■ What the task asks
Restate each line below word for word, skipping every picture.

■ Raw data
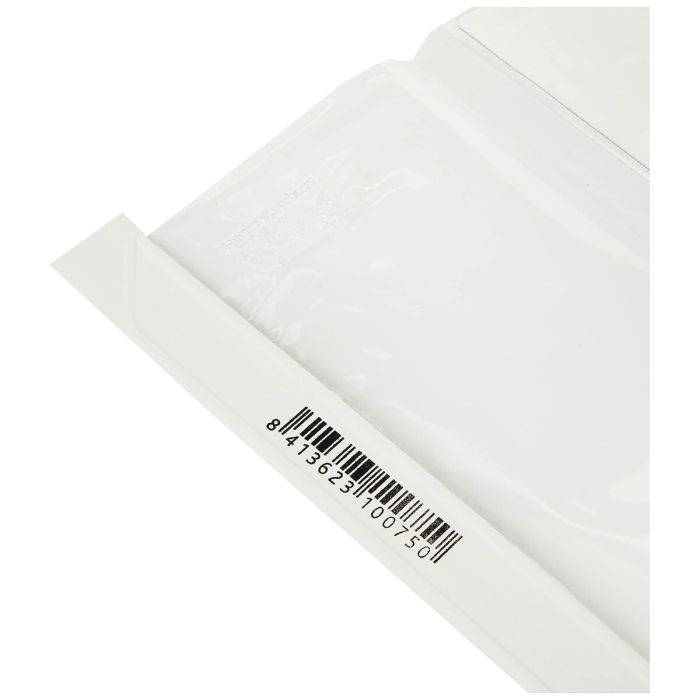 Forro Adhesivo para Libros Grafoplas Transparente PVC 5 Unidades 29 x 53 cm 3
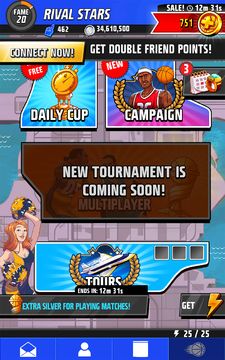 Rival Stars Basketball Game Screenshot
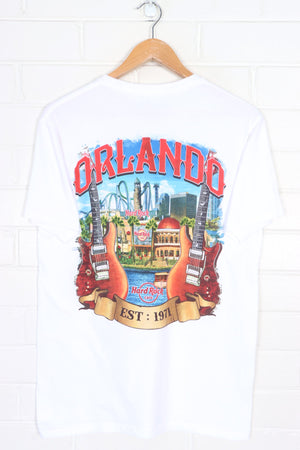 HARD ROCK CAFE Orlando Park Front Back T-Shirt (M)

■ Answer to this exercise
 Forro Adhesivo para Libros Grafoplas Transparente PVC 5 Unidades 29 x 53 cm 3
 Rival Stars Basketball Game Screenshot
 HARD ROCK CAFE Orlando Park Front Back T-Shirt (M)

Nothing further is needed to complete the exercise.